Error when trying to use the gpu-trained lstm model on cpu

I have trained a lstm word-level language generation model on gpu; here I want to use the model for generating some sentence on cpu. I have used the suggestion provided in https://discuss.pytorch.org/t/on-a-cpu-device-how-to-load-checkpoint-saved-on-gpu-device/349, but it reports strange error:IndexError: list index out of range. (Everything is fine on GPU)

generating_samples = True
start_word = "I"
class LSTM_Word_Model(nn.Module):
    def __init__(self, size, embedding, vocab_size):
        super(LSTM_Word_Model, self).__init__()
        self.size = size
        self.embedding = embedding
        # If you want to retrieve the pretrained embedding using frozen parameters, try 
        # self.embedding = nn.Embedding.from_pretrained(embedding.weight)
        # self.cos=nn.CosineSimilarity(dim=1)

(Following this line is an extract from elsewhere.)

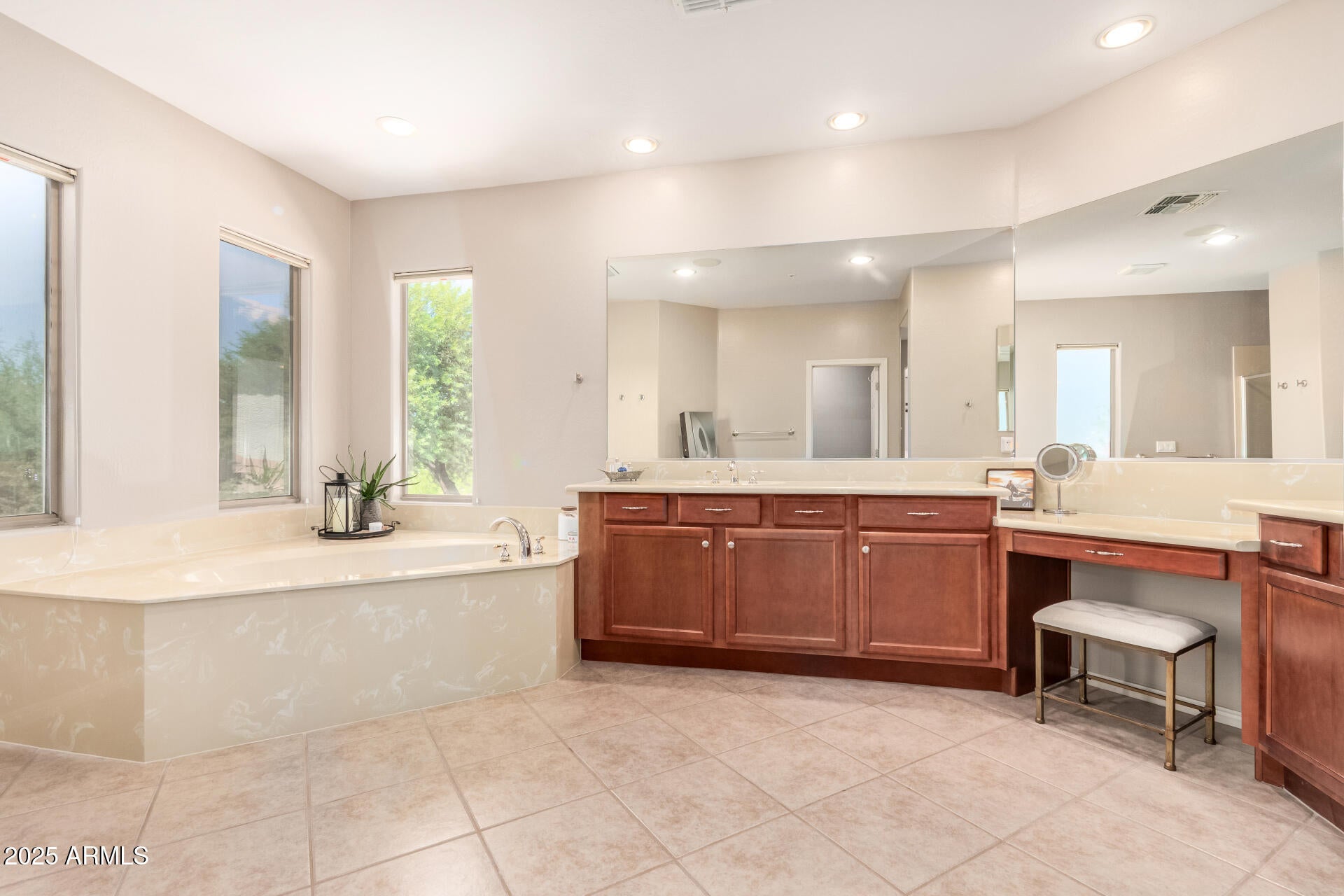 Phoenix, Arizona, 85085, United States, 5 Bedrooms Bedrooms, ,4 BathroomsBathrooms,Residential,Active,1959961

        self.lstm_0 = nn.LSTM(self.size, self.size)
        self.lstm_1 = nn.LSTM(self.size, self.size)
        self.lstm_2 = nn.LSTM(self.size, self.size)

        self.out = nn.Linear(self.size, vocab_size)

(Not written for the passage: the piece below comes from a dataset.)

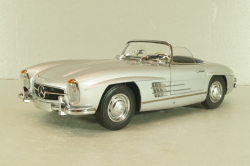 Mercedes-Benz 300SL Roadster (W198) 1957, silver, ‎180039030, Minichamps 1:18
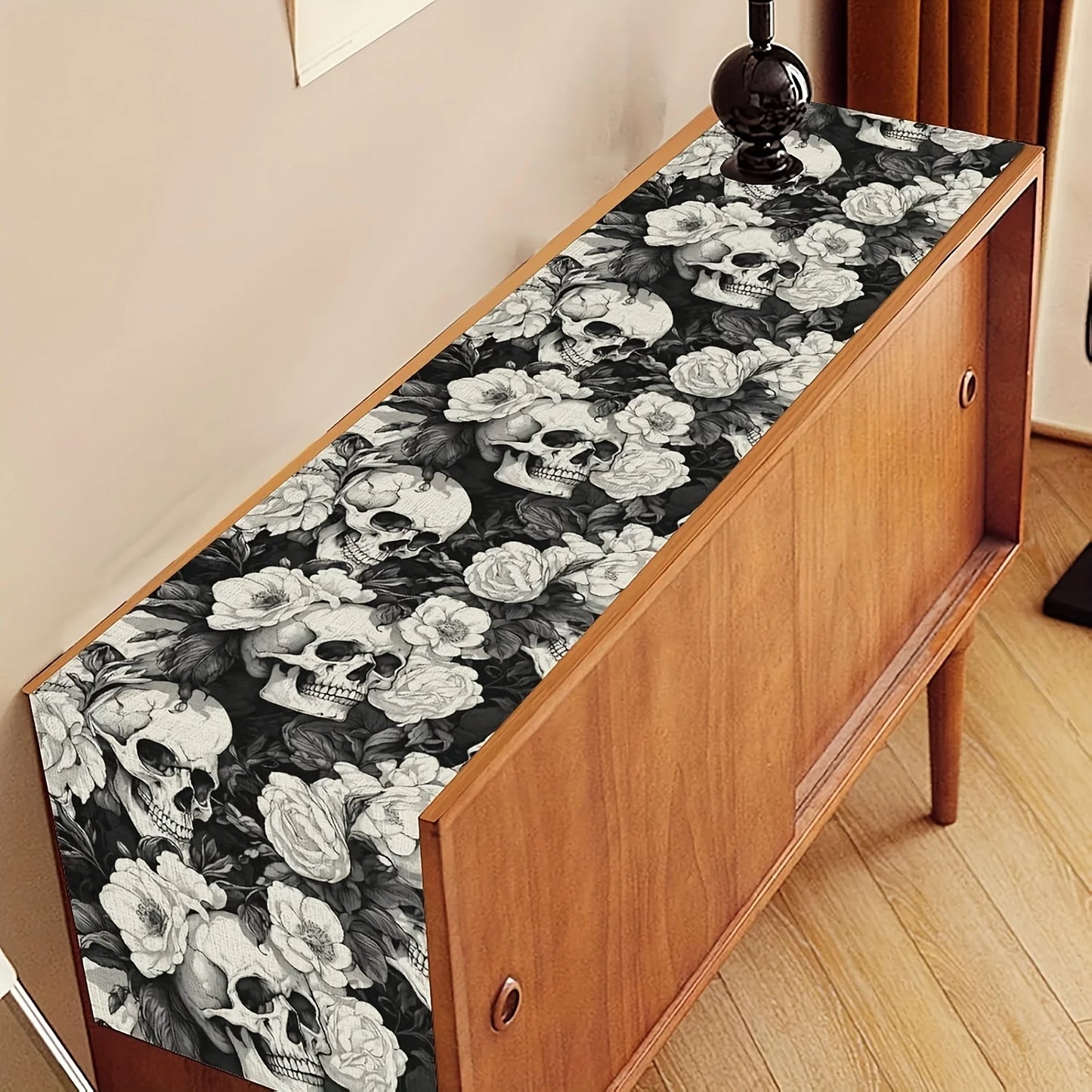 Chemin de table crâne gothique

    def forward(self, chars, hidden=None):
        if hidden is None:
            hidden = [(torch.randn(1, 1, self.size).cuda(), torch.randn(1, 1, self.size).cuda()),
                      (torch.randn(1, 1, self.size).cuda(), torch.randn(1, 1, self.size).cuda()),
                      (torch.randn(1, 1, self.size).cuda(), torch.randn(1, 1, self.size).cuda())]
        chars = chars.view((-1, 1))
        chars = self.embedding(chars).view((-1, self.size)).float()
        out_0, new_hidden_0 = self.lstm_0(chars.view(chars.shape[0], 1, -1), hidden[0])
        out_1, new_hidden_1 = self.lstm_1(out_0.view(out_0.shape[0], 1, -1), hidden[1])
        out_2, new_hidden_2 = self.lstm_2(out_1.view(out_1.shape[0], 1, -1), hidden[2])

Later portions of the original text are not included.